Hierarchical Bayesian: Automatic Occam's Razor

There is a crisis of "reproducibility" right now in science (Prinz et al 2011; Simmons et al 2011; Begley et al 2012): conservative estimates are that more than 50% of scientific articles are false and cannot be reproduced. Bad estimates are rampant, and false-positives are the norm! This new 'digitial dark age' has many culprits. One contributor is, I think, a misuse and misunderstanding of the dominant statistical paradigm called "Frequentism". Frequentism is a great intellectual achievement, and has such lofty ideals as 'objectivity', a.k.a., let the data speak for itself. Let's not inject our own hopes and desires into our scientific research. Sounds great doesn't it? Why would we want otherwise?

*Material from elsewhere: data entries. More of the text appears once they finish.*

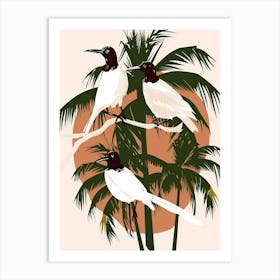 Three Birds Perched On A Palm Tree Art Print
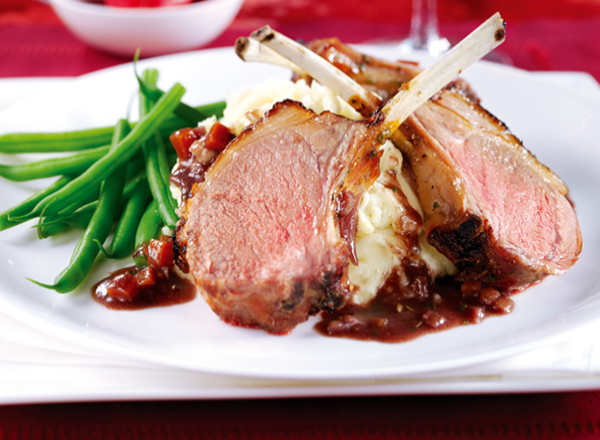 Honey-glazed rack of lamb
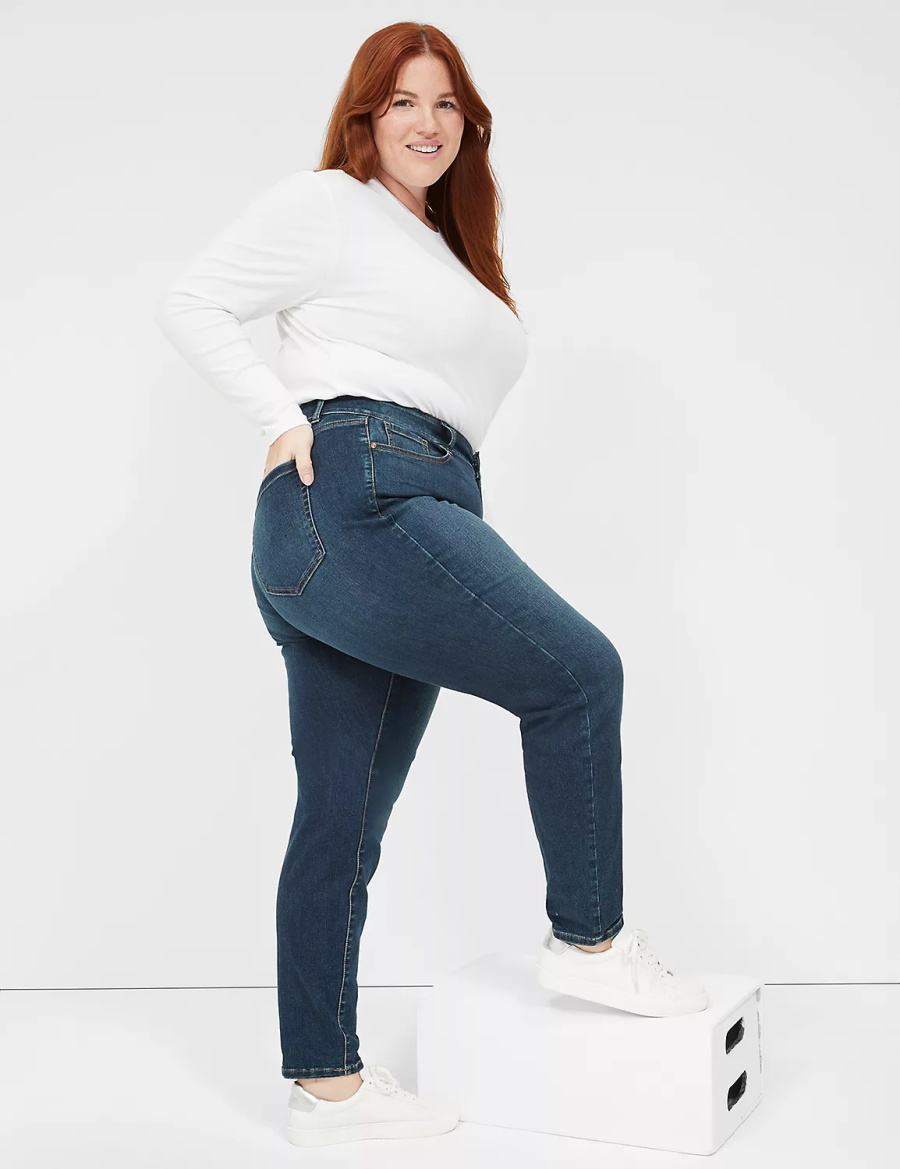 Women Lane Bryant Curvy Fit High-Rise Skinny Jeans Dark Blue | GVG5370IZ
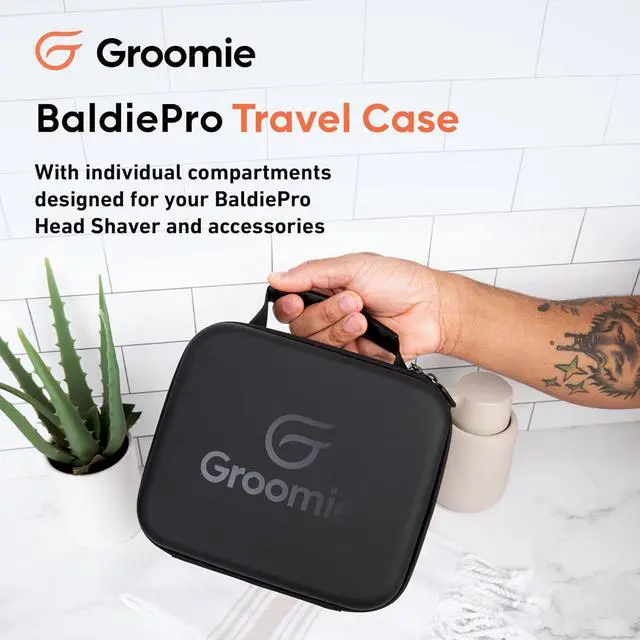 Alt view image 2 of 6 - Groomie Travel Case for BaldiePro Electric Head Shaver for Men - Sleek Hard Case for Shaving Kit - Portable On-the-Go Accessory for Head Shaver & Grooming Accessories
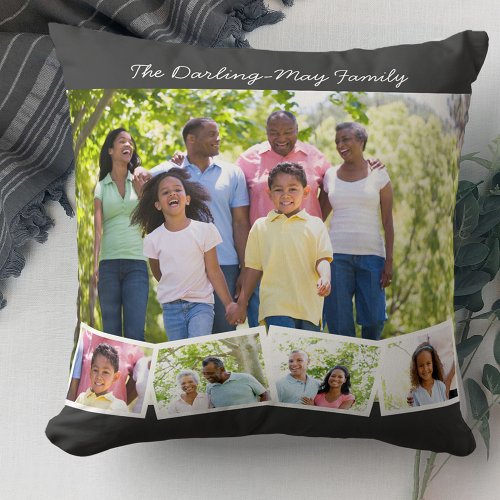 Photo Collage w Family Name and ZigZag Photo Strip Throw Pillow
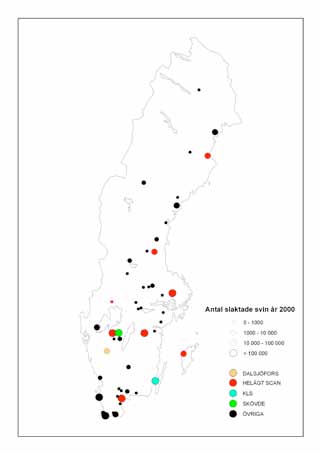 Figur 21 Antal slakterianläggningar för grisar 2000 resp. 2009 Källa: Jordbruksverket Som framgår av figur 21 har antalet anläggningar med grisslakt minskat under perioden.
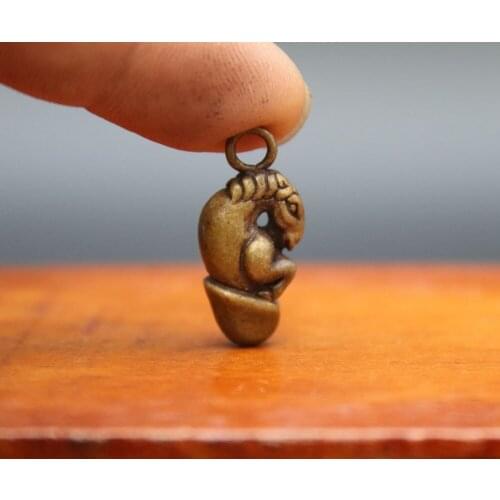 3 CM Pure Bronze China Zodiac Animal Horse glans penis sculpture Amulet Pendant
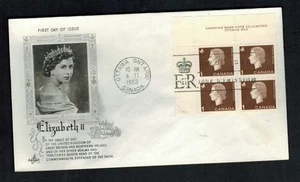 Canada #401, 1963 1¢ brown QE II Cameo pl 2 UL Plate Block, Artcraft cachet FDC - Picture 1 of 1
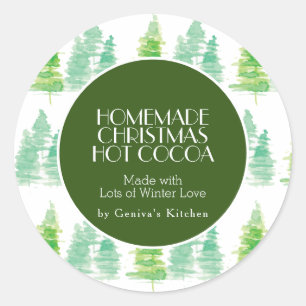 Waterverf Kerstboom Cacao Thuismix Roze Ronde Sticker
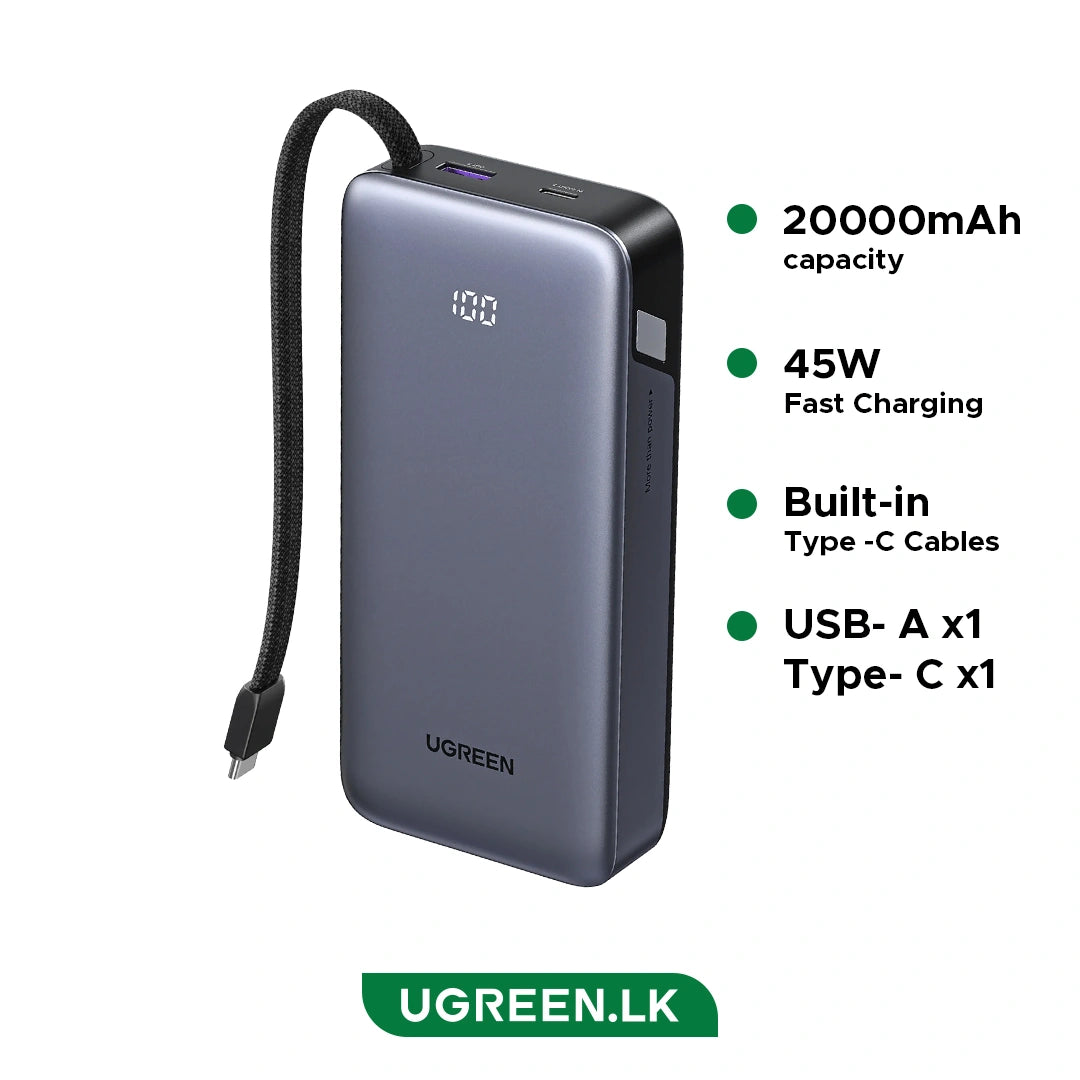 UGREEN 20000mAh 45W Power Bank with Built-in Cable – PB536 – 55988B – 1 Year Warranty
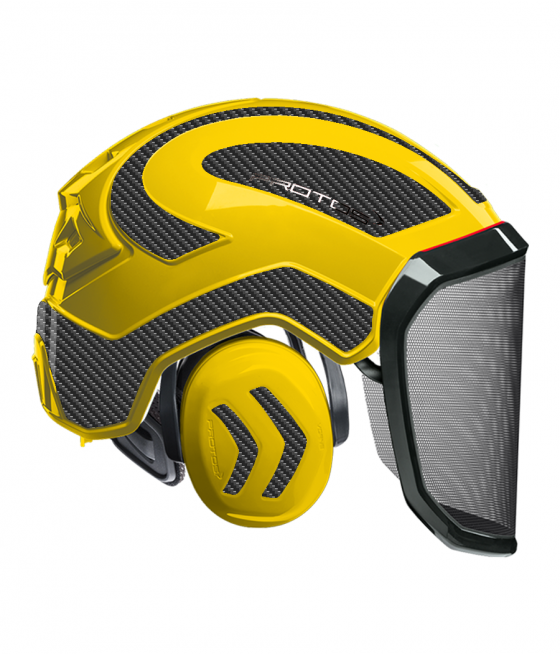 Casque Protos intégral Forest Bicolore jaune-gris carbone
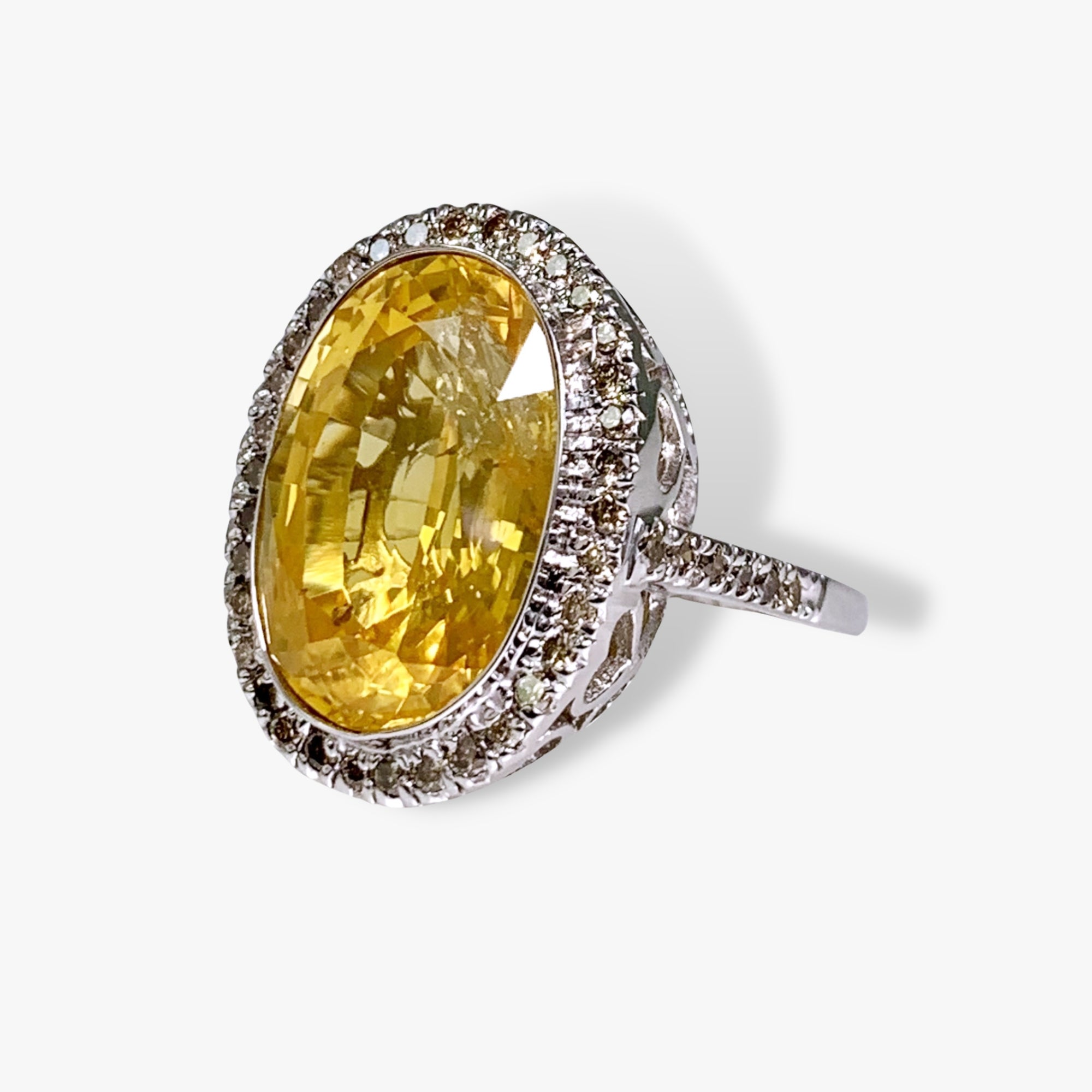 18k Yellow Gold Oval Cut Yellow Sapphire Diamond Halo Cocktail Ring Side View
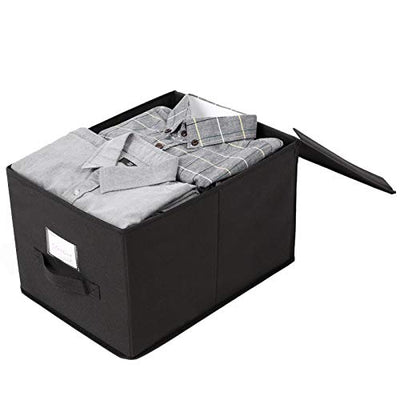 Sæt med 3 sammenklappelige opbevaringsbokse med låg, stofkuber med etiketholdere, opbevaringsbokse til organisering, 40 x 30 x 25 cm, sort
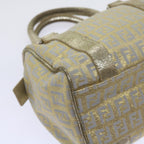 FENDI Zucchino Canvas Hand Bag Gold Silver64797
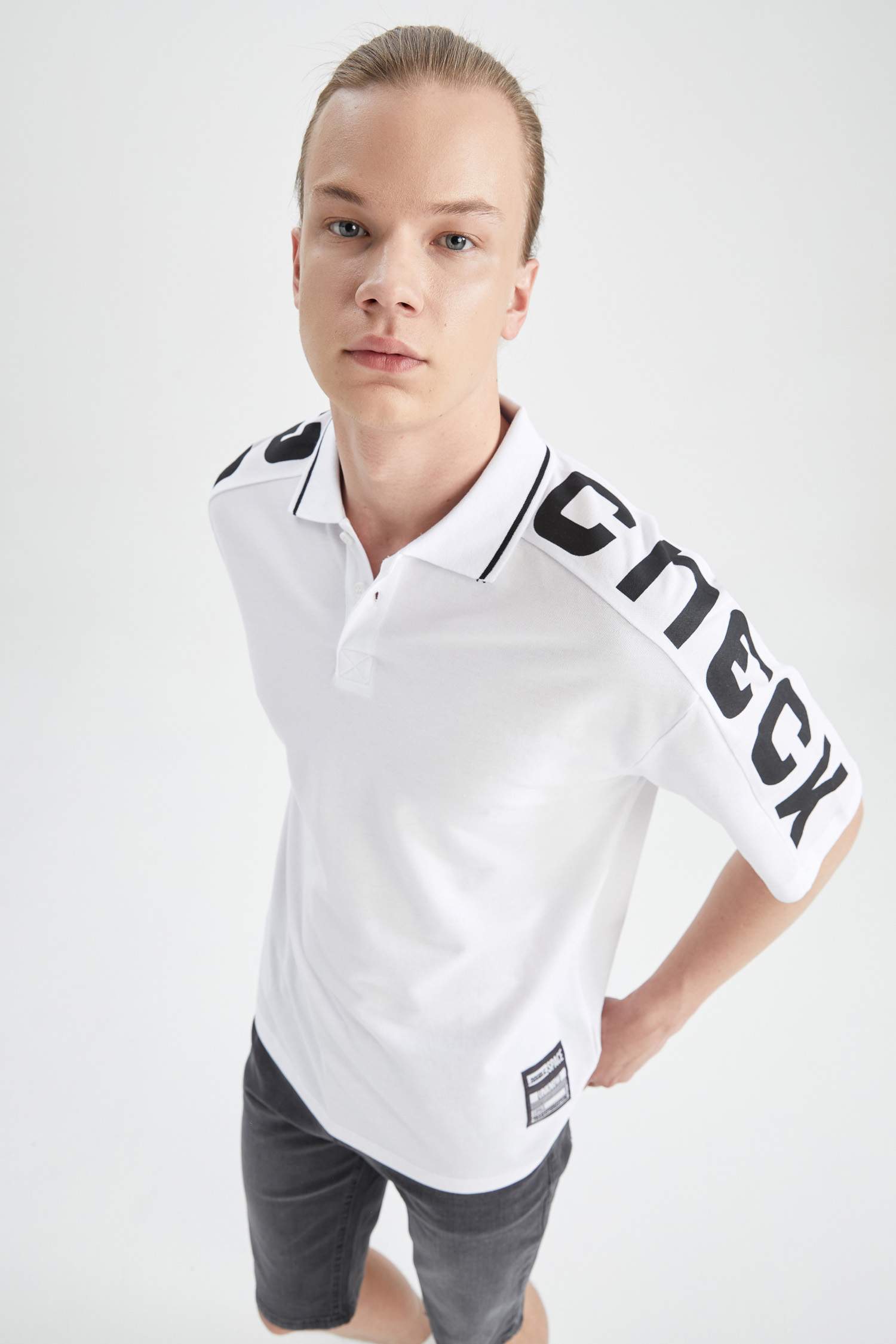 Versace Men's White Logo Print Short Sleeve Polo Shirt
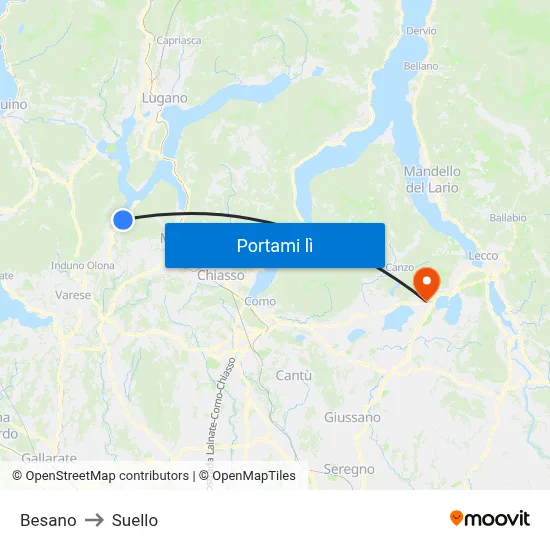 Besano to Suello map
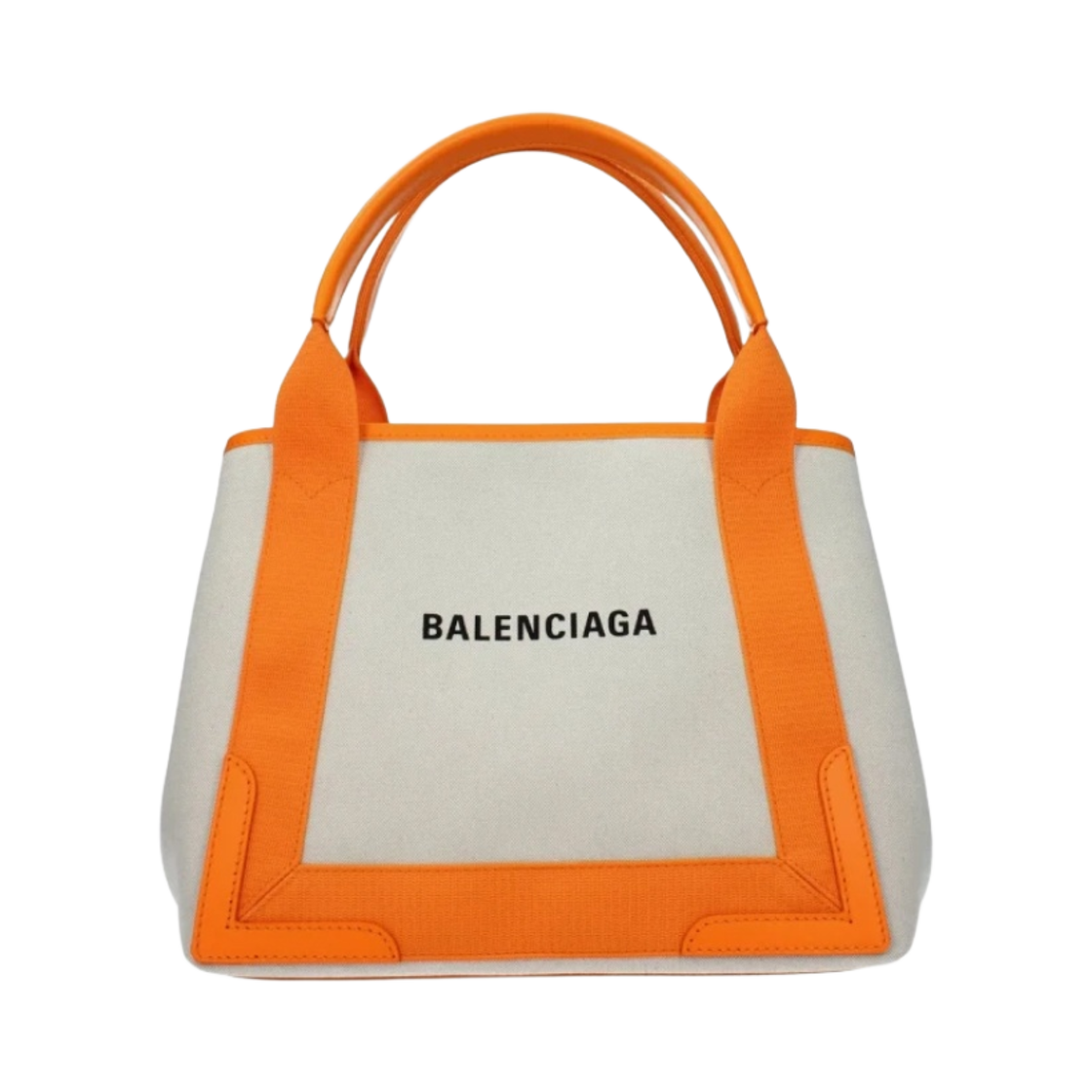 3399332HH3N9265 Balenciaga Navy Small Cabas Natural Pop Orange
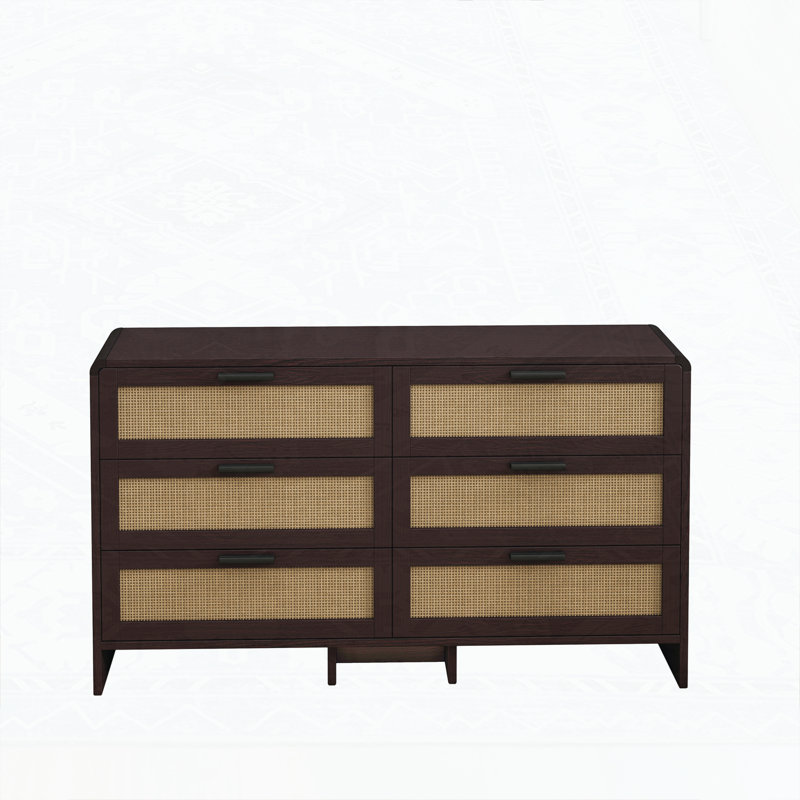 6-Drawers Rattan Storage Console Table, Reddish Brown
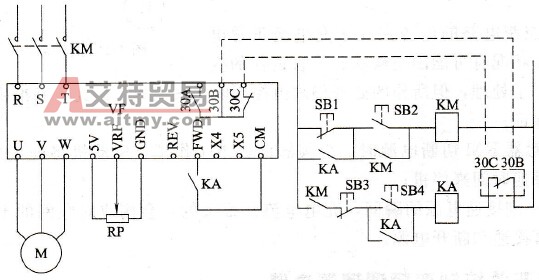 继电器控制变频调速器电路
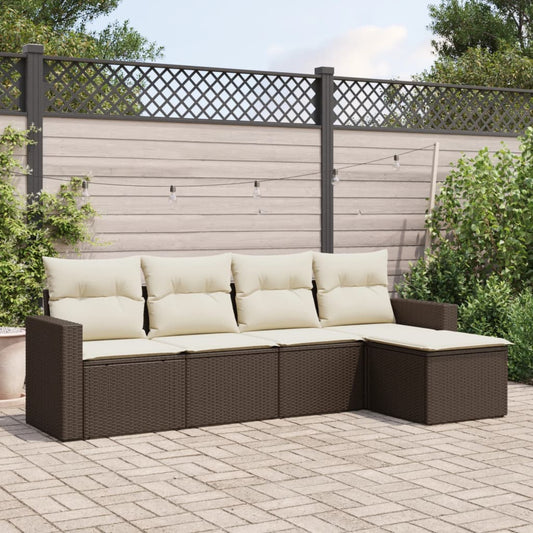 5-delige Loungeset met kussens poly rattan bruin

Well, for one thing, researchers (especially dolphin researchers) rarely have enough data to use Frequentist tools. Thus, we violate the core principle of Frequentism, for which its name is derived:

In frequentism, it is the observed data that is the random variable. Had we repeated the experiment in a parallel universe, we would get different data. We don't care about the actual data values (like individual dolphin's measurements); instead, we care about the true population-level process which gives rise to this data. We try to make inferences about this true process by sampling from the data distribution, and then try to generalize over the entire data distribution.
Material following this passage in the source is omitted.